Yes, I'll be there and it'll be great to meet you. I'll put my request in now for you to give us your excellent rendition of Sitting In the Stern of A Boat!

----------


## Dagger Gordon

Cheers,

How are you getting there BTW?  Are you needing a lift on Friday to Achiltibuie from Ullapool?

I think I'm right in saying you are in Lewis so I imagine you are taking a ferry to Ullapool on Friday?

----------


## John Kelly

I'm going to be arriving in Ullapool at some time in the afternoon of Friday, Donaidh - just noting what Mr Gordon has said above, and will drive through to Achiltibuie to get to Kevin's for the evening session if this is of use to you or to anyone else who might be travelling there.  Will return to Ullapool after the session (hope the hotel gives a late key!) and then will be around all day on the Saturday to sample whatever is on offer.  I am staying there Saturday night as well before heading back to Dunoon on the Sunday.
if you need transport PM me and I'll give you my mobile number.

----------


## donaidh

Cheers Dagger & John! I will be coming over on the ferry but I'll have my own car so transport will be fine.

----------


## Eddie Sheehy

Roisin Dubh... On a Baritone Resonator Mandola



and Crested Hens...

----------


## Marty Jacobson

Wrong account.  :Wink:

----------


## MonicaJacobson

Oops, accidentally posted on Marty's... 

As I was saying...

I'm glad someone started this thread. While I am growing to enjoy all mandolin music more and more, when I want to play, I play slow celtic airs. I say celtic because I don't really know whether they are Irish or Scottish, I just like them. Unfortunately, it does indeed seem to be really hard to get a slow air to sound good on a mandolin and to make matters worse, my tremolo is terrible. 

Here's what I've come up with meanwhile:



I've actually started playing around with a Waldzither and I have great hopes for the extra string and the longer sustain once I get better at playing it.

With this one, I was trying to do a more Andy Irvine continuous flow of play. Not like Andy Irvine, don't mistake me, just with his style in mind. Heh.



I'm really excited for my husband to get his GBOM prototype going. It sounds like it could be the best of both worlds.

I love the Archibald MacDonald of Keppoch -- I'll definitely be learning that one next.

----------


## M.Marmot

> Roisin Dubh... On a Baritone Resonator Mandola
> 
> and Crested Hens.


They're two great tunes - i listened to the hens first and was not too surprised to find that it was of French composition but the Roisin Dubh! 
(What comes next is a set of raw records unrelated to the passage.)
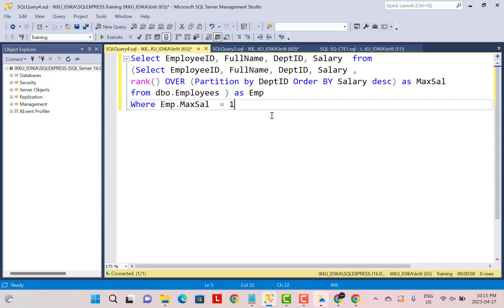For example, let's say we have a scenario where we need to find the employees with the maximum salary. This can be achieved by either using a CTE or a subquery.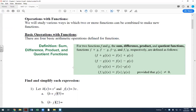One thing to be careful about: anytime we work with division, any number that makes our denominator zero must be excluded from the domain. If any number makes g of x equal to zero — since we're doing f of x divided by g of x — we need to exclude those numbers. We'll look at examples for this.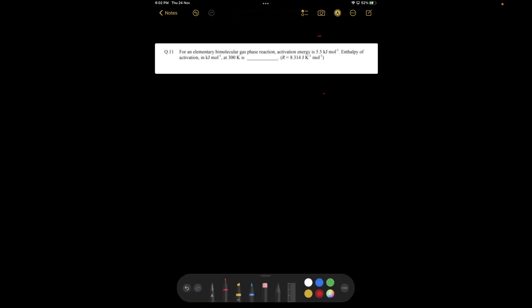Is my screen visible to you? Okay, thanks. So let's start. This is question number 11 from the 2016 paper. The question says: for an elementary bimolecular gas phase reaction, the activation energy is given as 5.5 kilojoule per mole.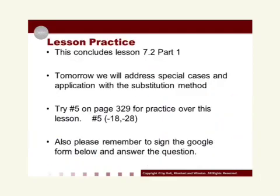This concludes lesson 7.2 part 1. Tomorrow we are going to address special cases and application problems with the substitution method, so we will be spending one more class day on it. Right now, I recommend using your textbook and trying number 5 on page 329 for practice. The solution to number 5 is negative 18 for x and negative 28 for y, so solve that problem and see if you can come out with that solution. Also, please remember to sign the Google form below this video on our class website and answer the attached question.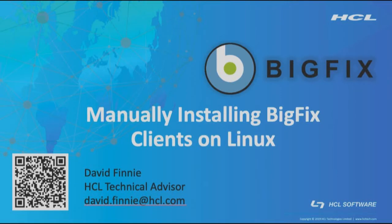Hello, my name is David Finnie and I am a BigFix Technical Advisor based out of Denver, Colorado. In this video, I'll be discussing installing BigFix clients manually on Linux systems.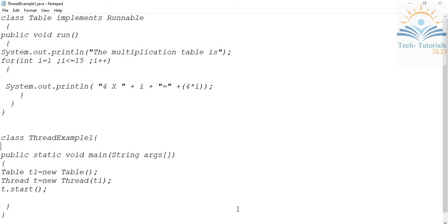Hi everyone, welcome to Tech Tutorials. In this video, we will learn how to create threads in Java programming language by implementing the runnable interface. This is the second way for creating threads in Java.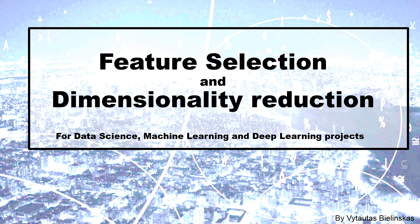Hello, in this video I would like to show you a simple example of feature selection and dimensionality reduction for your project.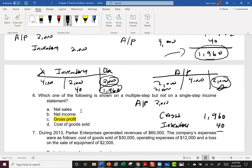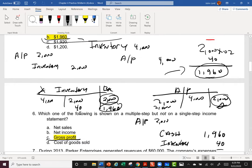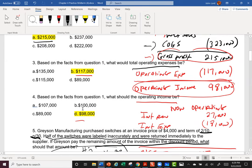Which of the following is shown on the multiple-step but not on the single-step? With the single step, we take all things that increase net income in one big section and all things that decrease net income in one big section to quickly calculate net income. We'll still have sales, net income, and cost of goods sold — but we won't stop to calculate gross profit separately. Gross profit is an integral, important part of the multiple-step income statement, not the single-step.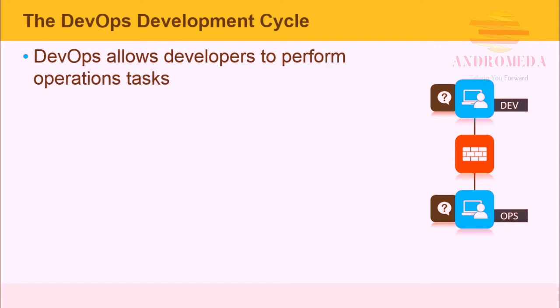DevOps allows developers to perform operations tasks. This is not a small point, as this very concept is at the core of the DevOps methodology. It's curious as to why developers want to perform operations tasks, why operations usually wants nothing to do with developing software.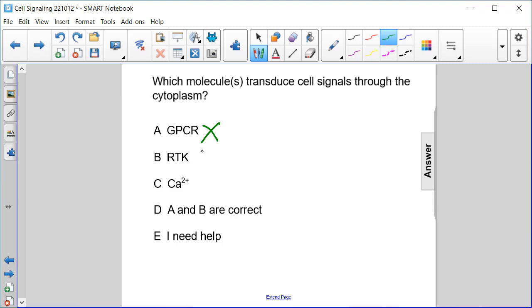RTK? No, that's also across the membrane. But calcium ions are released into the cytoplasm from the smooth ER, therefore transducing the cell signal. So the answer here is C.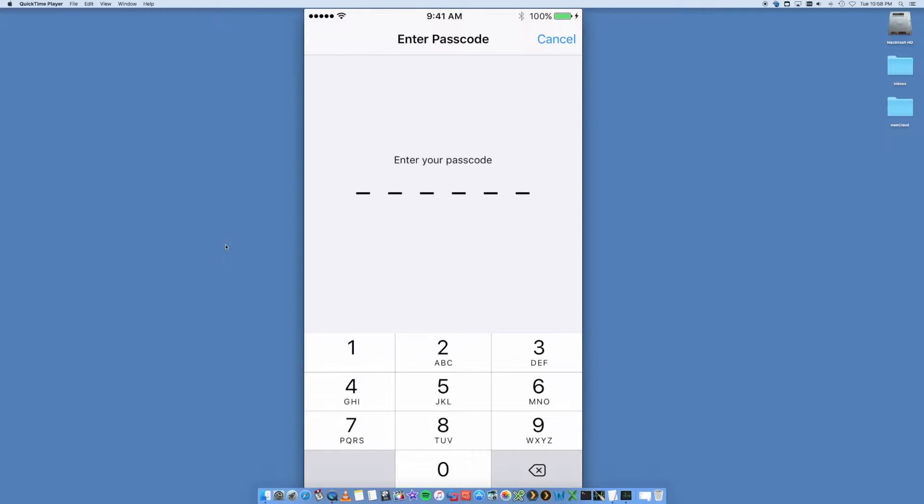If you do, put that in. If you don't, you won't. Also, if you've set up the Find My iPhone feature, this is just a security feature that's been built into your iPhone.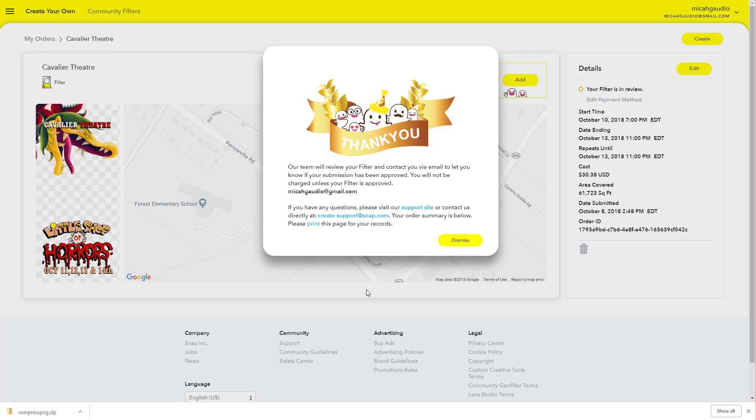I'm looking forward to putting a few more filters out there and trying this out a little more, but so far we'll see. Take care.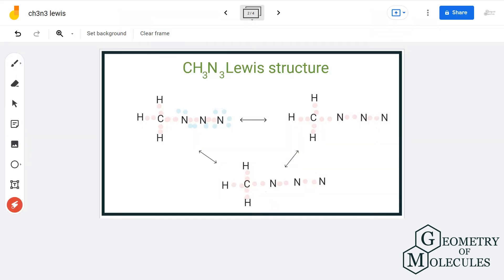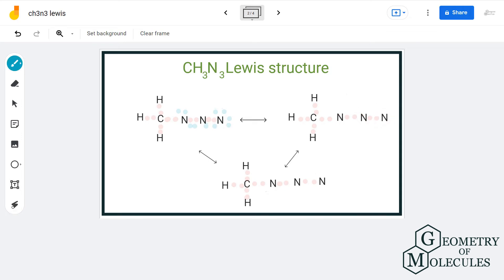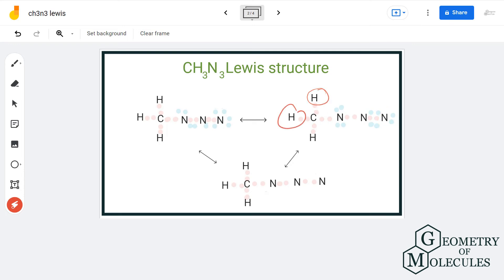Let us move on to the next resonance structure. We will put electron pairs for bond formation between each atom. These two nitrogen atoms need four more electrons, and the terminal one needs six more. We will assign this nitrogen four more electrons and put four more between this and the terminal nitrogen, resulting in the formation of a triple bond. We are still left with two more, and the terminal nitrogen needs two more to complete its octet, so we will assign it the remaining two. Looking at the formal charges: carbon, the terminal nitrogen, and hydrogen will have a formal charge of zero. This nitrogen has a formal charge of minus one, and this one has a formal charge of plus one.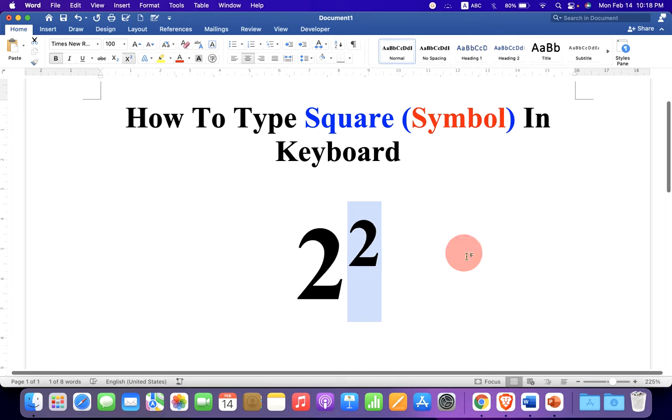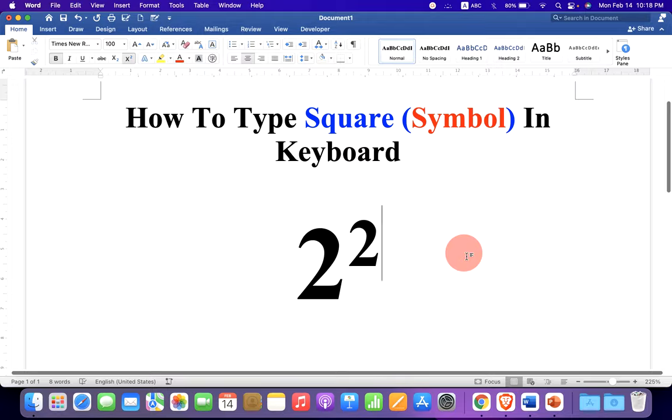Now check out these useful videos shown on screen to know more about Microsoft Word on Mac. See you again in the next videos.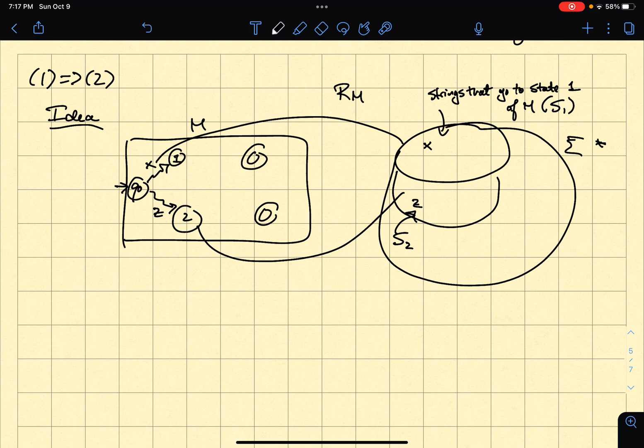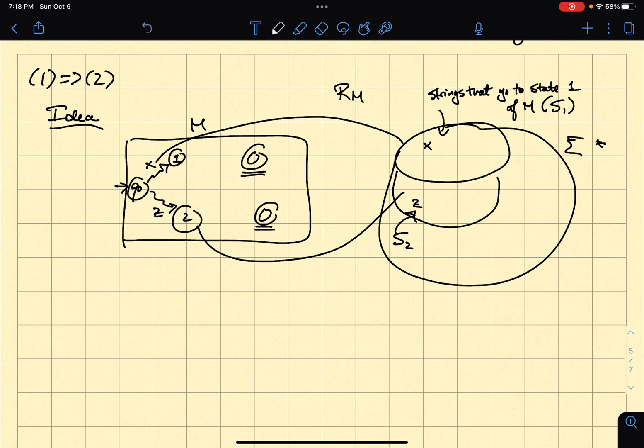The relation R_M I'm building has to satisfy all the conditions of 2. One of these conditions is that the union of some of its classes makes up L. The classes that make up L will be the ones corresponding to the final states, because a string is in L if and only if it goes to a final state in the machine. That's the idea of the proof.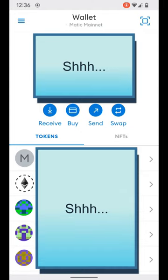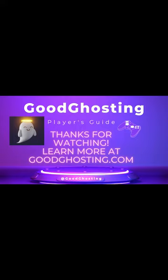All without ever leaving the MetaMask app itself. This is a nice addition for user features and convenience, and we're happy to be able to support the MetaMask wallet at Good Ghosting. Thank you for spending this time and learning more about the ways that we can help you end boring savings.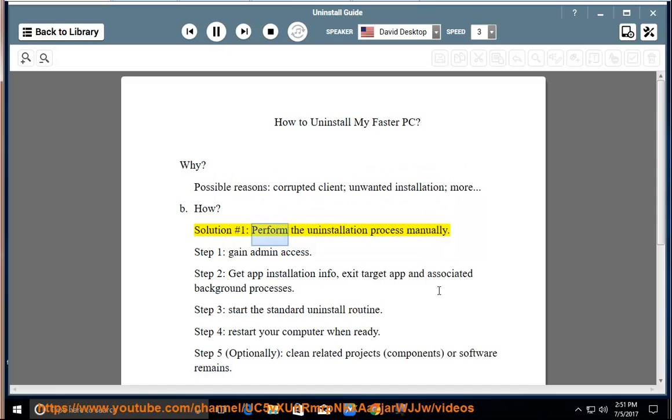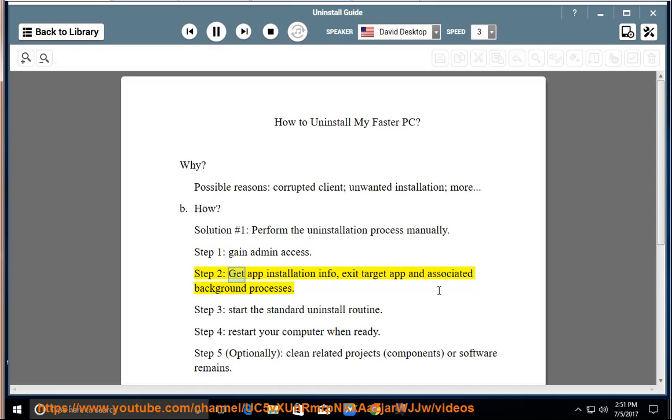Solution number 1: perform the uninstallation process manually. Step 1, gain admin access. Step 2, get app installation info, exit target app and associated background processes.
Well done sir - that caught my breath.

----------


## John Kelly

Had a listen to your Soundcloud tunes, Monica.  You play with feeling and it is interesting to hear the air totally unaccompanied.  This is where the sustain of a longer scaled instrument comes into its own, I think.  Love the Waldzither sound - it really suits the tune.
I posted a version of MacDonald of Keppoch some time back and cheated in a different way - I added in a synthed cello to my mandolin sounds.  Here it is:

----------


## MonicaJacobson

Thanks John. I've got a long way to go, but at least I'm entertained, meanwhile! Great idea about the cello -- when Marty gets our newly acquired cello back together, maybe we can do something similar!

----------


## Bertram Henze

> I've actually started playing around with a Waldzither and I have great hopes for the extra string and the longer sustain once I get better at playing it.
> 
> With this one, I was trying to do a more Andy Irvine continuous flow of play. Not like Andy Irvine, don't mistake me, just with his style in mind. Heh.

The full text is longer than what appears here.